▸ **Assignment**:
Only the lines containing "Kids" should appear in the answer, copied from the listing below.

▸ **Data listing**:
----------------
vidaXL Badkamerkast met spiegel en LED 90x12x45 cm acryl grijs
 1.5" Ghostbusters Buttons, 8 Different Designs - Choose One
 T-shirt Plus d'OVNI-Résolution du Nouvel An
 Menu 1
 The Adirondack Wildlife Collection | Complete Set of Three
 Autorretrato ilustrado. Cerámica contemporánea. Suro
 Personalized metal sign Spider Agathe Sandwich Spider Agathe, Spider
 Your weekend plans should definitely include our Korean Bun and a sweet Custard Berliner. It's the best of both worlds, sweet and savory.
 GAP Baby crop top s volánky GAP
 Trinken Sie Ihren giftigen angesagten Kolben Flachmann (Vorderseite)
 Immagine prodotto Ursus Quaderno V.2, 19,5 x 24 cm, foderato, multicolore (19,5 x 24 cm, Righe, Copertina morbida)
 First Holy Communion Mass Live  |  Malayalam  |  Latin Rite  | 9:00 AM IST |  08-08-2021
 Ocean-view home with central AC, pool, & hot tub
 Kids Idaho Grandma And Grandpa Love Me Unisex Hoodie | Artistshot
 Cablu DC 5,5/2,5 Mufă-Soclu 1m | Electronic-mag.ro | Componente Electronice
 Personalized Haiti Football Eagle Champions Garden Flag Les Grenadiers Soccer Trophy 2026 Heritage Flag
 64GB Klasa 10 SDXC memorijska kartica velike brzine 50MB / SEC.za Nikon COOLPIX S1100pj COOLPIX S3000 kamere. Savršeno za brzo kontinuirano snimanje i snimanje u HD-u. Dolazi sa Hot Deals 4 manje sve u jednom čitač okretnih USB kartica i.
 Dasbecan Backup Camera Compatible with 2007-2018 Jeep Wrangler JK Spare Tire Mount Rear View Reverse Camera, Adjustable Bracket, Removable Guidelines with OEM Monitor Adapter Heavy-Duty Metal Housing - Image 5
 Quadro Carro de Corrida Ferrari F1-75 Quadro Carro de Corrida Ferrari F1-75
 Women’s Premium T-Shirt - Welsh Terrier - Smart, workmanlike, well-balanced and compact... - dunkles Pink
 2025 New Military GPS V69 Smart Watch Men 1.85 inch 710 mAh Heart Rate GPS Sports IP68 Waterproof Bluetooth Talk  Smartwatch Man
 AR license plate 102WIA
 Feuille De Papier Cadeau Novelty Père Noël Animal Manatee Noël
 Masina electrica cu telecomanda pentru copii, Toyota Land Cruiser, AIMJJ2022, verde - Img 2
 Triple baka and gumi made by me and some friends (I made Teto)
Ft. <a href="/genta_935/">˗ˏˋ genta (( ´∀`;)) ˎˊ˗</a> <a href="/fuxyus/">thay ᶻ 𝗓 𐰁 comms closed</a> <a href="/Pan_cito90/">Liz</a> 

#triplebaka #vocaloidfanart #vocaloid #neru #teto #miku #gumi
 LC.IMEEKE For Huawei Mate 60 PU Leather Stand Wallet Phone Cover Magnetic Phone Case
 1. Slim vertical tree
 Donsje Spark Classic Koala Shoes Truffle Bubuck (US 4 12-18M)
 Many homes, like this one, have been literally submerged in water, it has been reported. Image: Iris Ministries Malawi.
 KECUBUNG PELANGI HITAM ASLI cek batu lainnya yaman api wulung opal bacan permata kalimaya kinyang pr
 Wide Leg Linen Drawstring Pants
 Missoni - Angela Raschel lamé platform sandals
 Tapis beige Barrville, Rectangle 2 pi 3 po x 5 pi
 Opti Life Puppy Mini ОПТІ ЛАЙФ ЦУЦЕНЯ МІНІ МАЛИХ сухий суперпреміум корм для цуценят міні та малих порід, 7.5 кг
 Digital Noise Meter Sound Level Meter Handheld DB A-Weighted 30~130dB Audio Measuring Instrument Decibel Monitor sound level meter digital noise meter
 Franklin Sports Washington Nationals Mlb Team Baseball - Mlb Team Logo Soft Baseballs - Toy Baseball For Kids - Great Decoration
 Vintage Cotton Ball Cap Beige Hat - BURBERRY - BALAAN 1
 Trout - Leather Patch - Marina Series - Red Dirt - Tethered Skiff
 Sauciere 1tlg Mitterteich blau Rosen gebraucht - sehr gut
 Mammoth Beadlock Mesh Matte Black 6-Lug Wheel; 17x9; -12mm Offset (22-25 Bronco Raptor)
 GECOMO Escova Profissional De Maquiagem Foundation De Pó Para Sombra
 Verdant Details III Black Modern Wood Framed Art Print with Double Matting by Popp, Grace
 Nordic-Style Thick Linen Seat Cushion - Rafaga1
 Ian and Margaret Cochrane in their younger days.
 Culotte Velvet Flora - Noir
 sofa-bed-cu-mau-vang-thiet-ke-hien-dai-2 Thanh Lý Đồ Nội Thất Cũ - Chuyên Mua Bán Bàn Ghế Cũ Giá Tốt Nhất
----------------
▸ **Response for this exercise**:
 Kids Idaho Grandma And Grandpa Love Me Unisex Hoodie | Artistshot
 Franklin Sports Washington Nationals Mlb Team Baseball - Mlb Team Logo Soft Baseballs - Toy Baseball For Kids - Great Decoration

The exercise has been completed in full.